Using these abilities they’ve been assigned to ports in order to spot enemy divers and find mines using their unparalleled sonar which they mark for their handlers who then disarm them.
However, the Navy has now developed an unmanned 12-foot torpedo shaped robot that runs for 24 hours and can spot mines as well as the dolphins.
And unlike dolphins which take seven years to train, the robots can be manufactured quickly.
The new submersibles will replace 24 of the Navy’s 80 dolphins who will be reassigned to other tasks like finding bombs buried under the sea floor — a task which robots aren’t good at yet.
During their prime working years, the dolphins are compensated with herring, sardines, smelt and squid.
Virginia Postrel has a good piece on free market copyright reform:
Making the intellectual case, the Mercatus Center at George Mason University, a hub of free-market scholarship, has just released “Copyright Unbalanced: From Incentive to Excess,” a collection of libertarian and conservative critiques.

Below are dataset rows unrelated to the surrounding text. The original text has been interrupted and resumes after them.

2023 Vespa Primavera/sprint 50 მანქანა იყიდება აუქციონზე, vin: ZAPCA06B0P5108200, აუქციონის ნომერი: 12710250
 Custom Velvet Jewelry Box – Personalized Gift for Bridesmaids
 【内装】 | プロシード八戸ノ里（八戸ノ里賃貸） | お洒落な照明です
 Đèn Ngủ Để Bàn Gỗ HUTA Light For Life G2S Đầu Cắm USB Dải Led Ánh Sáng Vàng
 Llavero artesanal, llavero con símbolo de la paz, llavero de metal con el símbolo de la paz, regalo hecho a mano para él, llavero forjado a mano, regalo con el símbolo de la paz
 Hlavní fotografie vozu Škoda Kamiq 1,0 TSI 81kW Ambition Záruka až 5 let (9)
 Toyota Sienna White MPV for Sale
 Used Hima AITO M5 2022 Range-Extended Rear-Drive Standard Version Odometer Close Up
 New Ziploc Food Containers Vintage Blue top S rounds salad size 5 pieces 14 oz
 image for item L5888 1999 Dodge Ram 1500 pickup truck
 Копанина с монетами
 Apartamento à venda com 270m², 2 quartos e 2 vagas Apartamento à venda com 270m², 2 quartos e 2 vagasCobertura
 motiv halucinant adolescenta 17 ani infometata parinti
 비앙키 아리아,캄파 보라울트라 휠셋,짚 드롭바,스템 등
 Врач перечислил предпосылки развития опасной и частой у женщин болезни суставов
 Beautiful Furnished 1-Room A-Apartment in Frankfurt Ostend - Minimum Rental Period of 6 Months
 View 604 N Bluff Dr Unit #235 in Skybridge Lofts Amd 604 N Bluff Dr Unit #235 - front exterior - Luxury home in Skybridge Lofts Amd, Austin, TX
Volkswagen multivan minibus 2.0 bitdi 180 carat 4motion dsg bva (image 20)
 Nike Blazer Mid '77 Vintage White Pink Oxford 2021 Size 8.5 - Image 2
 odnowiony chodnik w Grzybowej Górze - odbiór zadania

The book doesn’t oppose copyright per se, but it excoriates the current system’s lengthy terms and expansive enforcement powers.
“Whatever your philosophical position, if you are skeptical of government power, you should likewise be skeptical of the copyright system that has developed over the last century,” writes Jerry Brito, the volume’s editor, in the introduction.
…Consider how the law applies to Robert Frost’s classic poem “Stopping by Woods on a Snowy Evening,” first published in 1923. Back then you only got copyright privileges for works officially registered with the copyright office, and only for a term of 28 years, which could be renewed if you filed again, as Frost did in 1951.
Requiring such simple procedures reserved copyright privileges for creators with strong commercial or sentimental interests in limiting the publication of their works. Today, by contrast, copyright automatically applies to every eligible work, including your vacation snapshots and your 4-year-old’s handmade Mother’s Day card.
Under the law when Frost wrote his poem and renewed the copyright on the volume including it, it would have presumably entered the public domain in 1979, more than a decade after its author’s death in 1963. That’s not what happened. Beginning in 1962, Congress gradually extended copyright terms, and in 1976 it passed a new copyright act that gives works already under copyright a new term of 75 years from their first publication. That meant “Stopping by Woods” wouldn’t go into the public domain until 1998.
That’s not what happened either. Just as the poem’s copyright was about to expire, Congress passed the Sonny Bono Copyright Term Extension Act, which gave existing works a new copyright term of 95 years. (The 1923 Frost volume including the poem was one of the works cited in a lawsuit unsuccessfully challenging the act’s constitutionality.) So Frost’s poem won’t enter the public domain until 2018 — assuming that Congress doesn’t pass yet another extension.
Fifty-six years of copyright was clearly enough to encourage Frost to write the poem. Anything further is just a windfall for his estate and his publisher. The Constitution, reformers are quick to note, gave Congress the right to grant copyrights “to promote the Progress of Science and useful Arts,” not to benefit producers.